Allen and Brocco French recorded cannibalism among the sea stars as early as four days post-metamorphosis – transition from larval form to juvenile stage
Their observations show that even the smallest differences in size can determine whether a star fish is going to be dinner or diner.
Allen said that in evolutionary context, sibling cannibalism provides an adaptive advantage to the individual sea star.
This is especially true when you consider the inevitable competition that results when a female produces five to ten million eggs each year.
Cannibalism is common in the animal kingdom, the practice has been documented in more than 1,300 species, vertebrates and invertebrates alike.

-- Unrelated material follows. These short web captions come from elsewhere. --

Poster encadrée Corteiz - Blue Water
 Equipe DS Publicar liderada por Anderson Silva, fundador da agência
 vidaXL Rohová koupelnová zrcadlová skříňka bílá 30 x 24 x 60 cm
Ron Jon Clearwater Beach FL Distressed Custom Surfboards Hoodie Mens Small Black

Their observations show that even minute differences in size can delineate the difference between the dinner and the diner
Brocco French and Allen suspect that cannibalism is even more widespread than that, likely to be common among small animals and animals in early growth stages.
Allen says he hopes the Ecology paper will represent an ‘aha! moment’ for researchers to look closely at the wide range of microscopic life.
‘We think — anthropomorphizing — that cannibalism is terrible. No one should be cannibalistic, ‘he said. ‘But in nature, ‘red in tooth and claw,’ this is something that can be favoured. So it seems to be a strategy that’s likely to be common.’
The findings were published in the journal Ecology.